Von Kalkutta wissen die Deutschen vor allem zwei Dinge: dass es am Ganges liegt und dass es eine der chaotischsten Städte der Welt ist. Stimmt das?

Beides stimmt nicht. Kalkutta liegt am Hoogly River, einem Seitenarm des Ganges. Und Chaos ist relativ. Wenn Sie schmutzige Ecken suchen, werden Sie immer welche finden. Aber im Vergleich zu früher ist die Stadt unglaublich sauber geworden, auch strukturierter. Wenn die Arbeiten an den Fly-overs abgeschlossen sind, wird das richtig schön.

Man muss sich also als Expatriate vor der Stadt nicht fürchten?

Als ich eine Alternative zu meiner Arbeitsstelle in Mumbai suchte, riet mir eine Freundin zu Kalkutta: Durga Puja, warmherzige Leute, sehr sicher, eher zu viel social life als zu wenig.

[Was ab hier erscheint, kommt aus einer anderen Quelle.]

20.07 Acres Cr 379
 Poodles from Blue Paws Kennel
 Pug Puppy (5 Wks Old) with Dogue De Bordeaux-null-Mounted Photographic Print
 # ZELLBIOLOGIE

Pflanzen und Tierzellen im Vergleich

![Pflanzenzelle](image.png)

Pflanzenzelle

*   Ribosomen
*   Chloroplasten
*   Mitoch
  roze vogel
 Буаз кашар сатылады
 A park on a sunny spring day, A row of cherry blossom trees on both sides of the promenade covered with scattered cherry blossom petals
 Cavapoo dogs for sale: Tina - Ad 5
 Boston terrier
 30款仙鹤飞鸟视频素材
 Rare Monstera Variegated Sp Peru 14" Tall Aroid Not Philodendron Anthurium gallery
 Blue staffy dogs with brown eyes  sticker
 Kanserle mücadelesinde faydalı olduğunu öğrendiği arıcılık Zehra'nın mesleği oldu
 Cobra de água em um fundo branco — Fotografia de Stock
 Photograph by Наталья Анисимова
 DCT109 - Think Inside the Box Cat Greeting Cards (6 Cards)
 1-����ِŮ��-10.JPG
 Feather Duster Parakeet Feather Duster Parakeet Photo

Sie hatte vollkommen Recht. Kalkutta ist eine wunderbare Stadt. Man muss sich darauf einlassen wollen – dann kann man hier – wie in ganz Indien – sehr erfolgreich sein.

Drei Jahre lang wurde das Hyatt-Hotel in Kalkutta von einer Deutschen geführt: Bevor Britta Leick-Milde 2013 die Leitung des Hauses übernahm, sammelte sie Erfahrungen in Hyatt-Hotels in Mumbai und Dubai. Im September ist sie weitergezogen – nach Doha.